Kamla is a 1984 Hindi film produced and directed by Jagmohan Mundhra, starring Deepti Naval in the title role, Shabana Azmi, and Marc Zuber in lead roles. The screenplay by Vijay Tendulkar was based on his play Kamala, written in 1981.

==Plot==

Jaisingh Jadav (Marc Zuber), a Delhi-based journalist finds that even to this date, the flesh trade exists in a village in Madhya Pradesh, the victims being girls belonging to the Bhil tribe. Like any avid journalist, he travels to the village, followed by really buying a girl named Kamla (Deepti Naval) and takes her to his home in Delhi. As his intentions are good, some days later he holds a press conference where he reveals the actual wrongdoings going on in the village.

==Cast==
- Deepti Naval as Kamla
- Shabana Azmi as Sarita Jadhav
- Marc Zuber as Jaisingh Jadhav
- A.K. Hangal as Kakasaab (Sarita's uncle)
- Sulabha Deshpande
- Tun Tun

==Music==
1. "Aaj Phir Aaine Se" - Salma Agha
2. "Insaano Ko Neelam Kare Duniya" - Pankaj Udhas
3. "Kaisa Yeh Karam" - Pankaj Udhas

==Critical reception==

Upon its release, Kamla received rave reviews. The Times of India in a review stated, "Deepti Naval is called to widen her eyes, tremble like a scared rabbit and drop pearly smiles. To her credit, she performs these chores competently." The Indian Express wrote, "Mundhara is to be complimented on getting two credible – perhaps notable – performances from Deepti Naval and Marc Zuber – whose talents have so far been pretty well concealed."

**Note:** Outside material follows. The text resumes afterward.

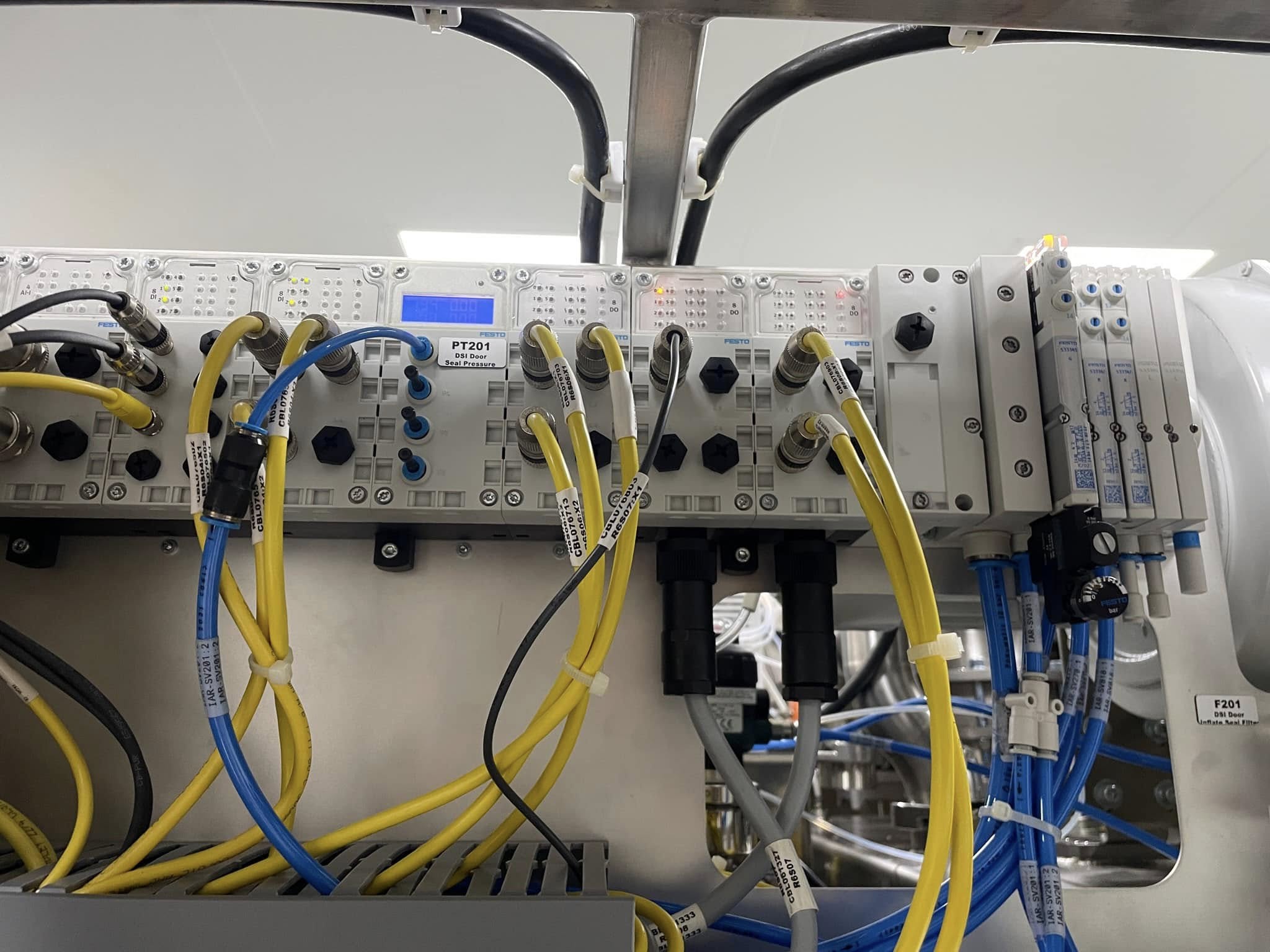 Festo IO-Link modules and pneumatics with every cable individually labelled.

==Real life Incident Inspiration==
The movie is based on Tendulkar's play, which in turn is inspired by a real life expose by the journalist Ashwini Sarin, of The Indian Express. In the expose he actually bought a girl from the rural flesh market, from a village of Dholpur, Rajasthan, for an amount of Rs. 20,000. He then presented the woman at a press conference.